== Segment start ==

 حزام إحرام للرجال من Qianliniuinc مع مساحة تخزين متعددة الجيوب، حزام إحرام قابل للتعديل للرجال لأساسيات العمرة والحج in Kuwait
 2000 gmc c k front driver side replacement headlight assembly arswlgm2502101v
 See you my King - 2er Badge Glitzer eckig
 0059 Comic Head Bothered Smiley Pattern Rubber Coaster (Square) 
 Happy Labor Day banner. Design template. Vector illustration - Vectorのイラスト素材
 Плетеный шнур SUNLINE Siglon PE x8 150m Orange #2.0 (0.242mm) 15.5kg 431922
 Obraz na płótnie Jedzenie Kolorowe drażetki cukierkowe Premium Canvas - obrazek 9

== Segment end ==
== Segment start ==

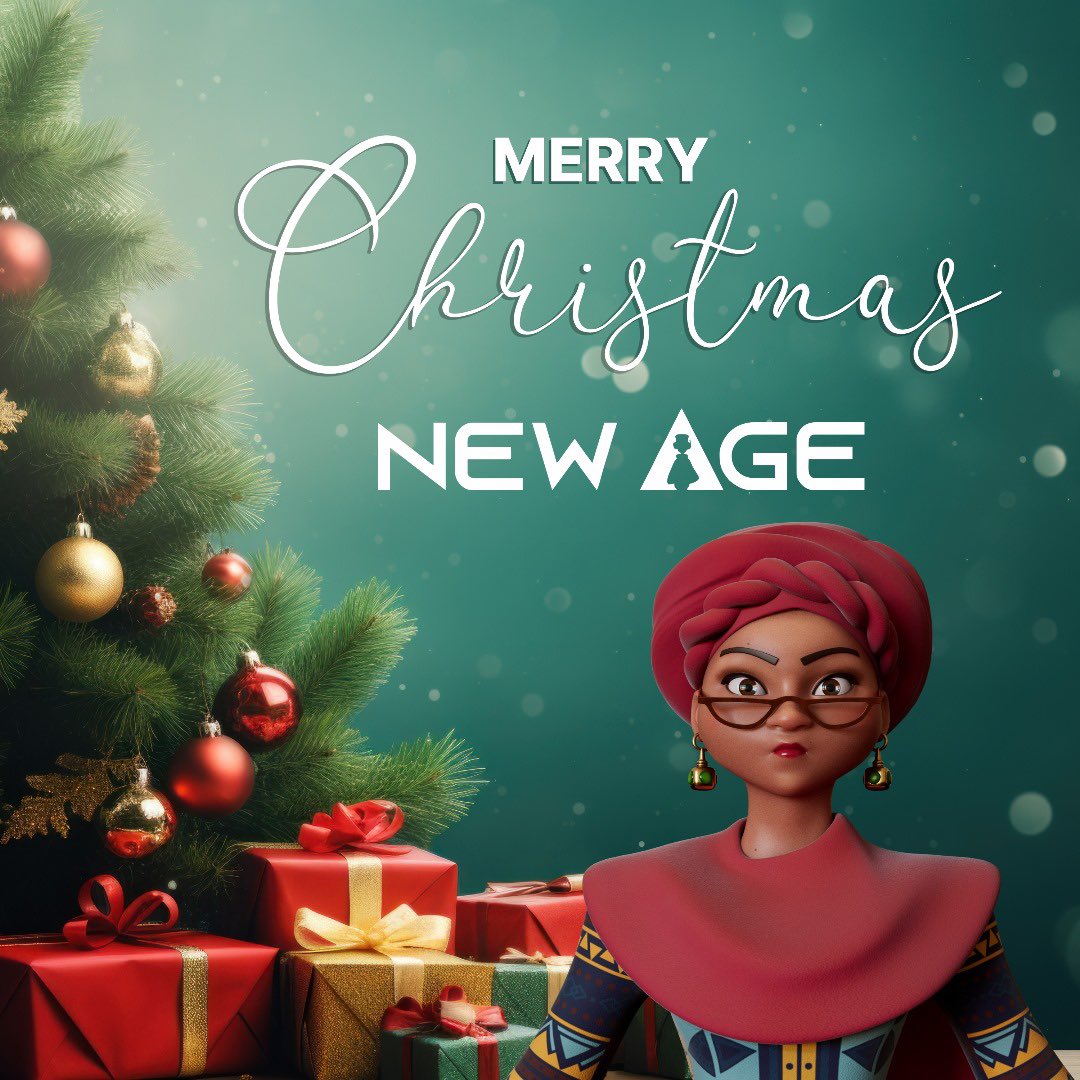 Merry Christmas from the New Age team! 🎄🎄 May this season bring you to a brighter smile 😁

== Segment end ==
== Segment start ==

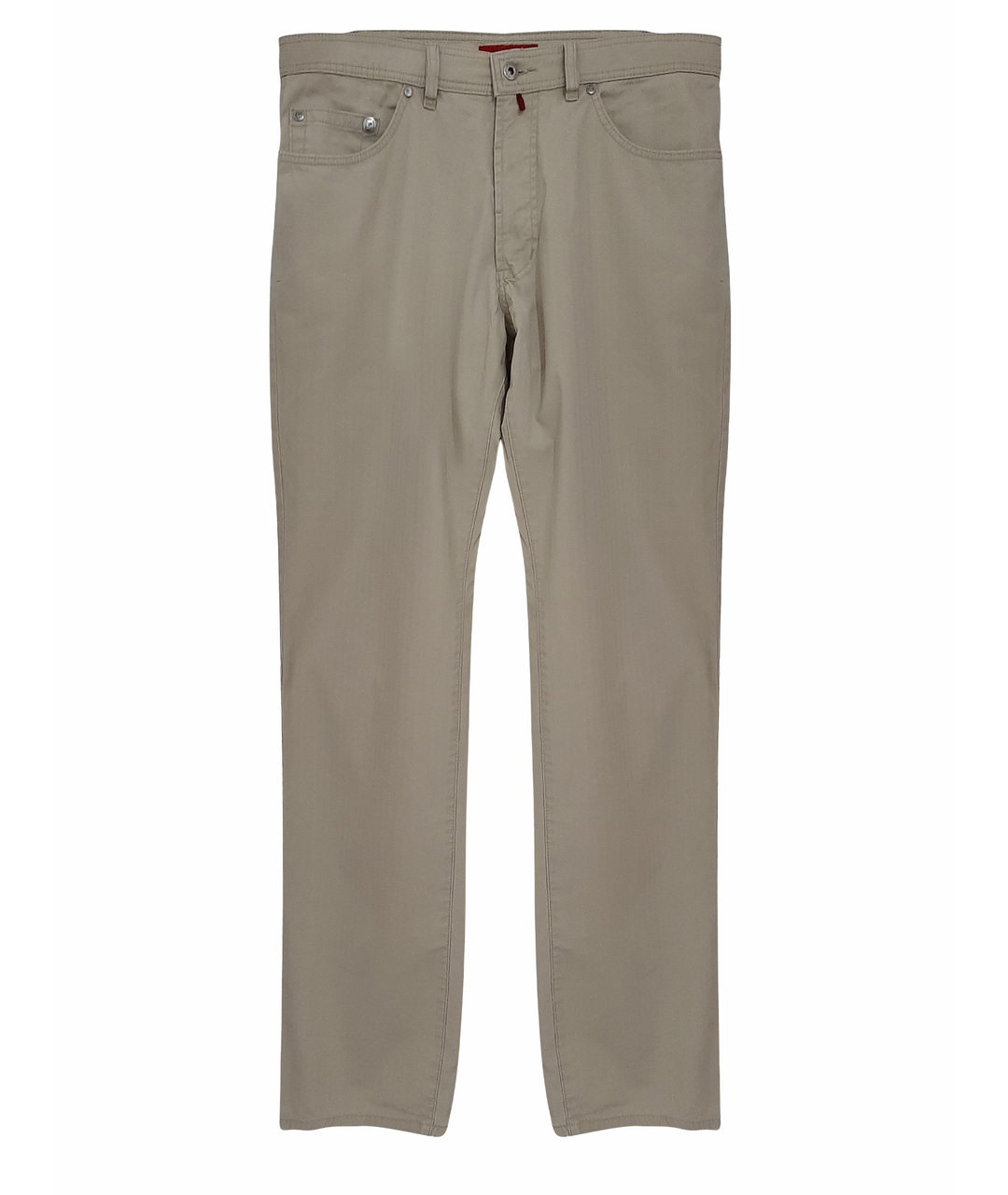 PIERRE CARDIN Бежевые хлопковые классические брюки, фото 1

== Segment end ==

PROBLEM DESCRIPTION:
Set down, exactly as they appear above, all lines from the one that has "حزام إحرام للرجال" down to the one that has "See you my King - 2er Badge Glitzer eckig", including those two and no others.

EXERCISE ANSWER:
 حزام إحرام للرجال من Qianliniuinc مع مساحة تخزين متعددة الجيوب، حزام إحرام قابل للتعديل للرجال لأساسيات العمرة والحج in Kuwait
 2000 gmc c k front driver side replacement headlight assembly arswlgm2502101v
 See you my King - 2er Badge Glitzer eckig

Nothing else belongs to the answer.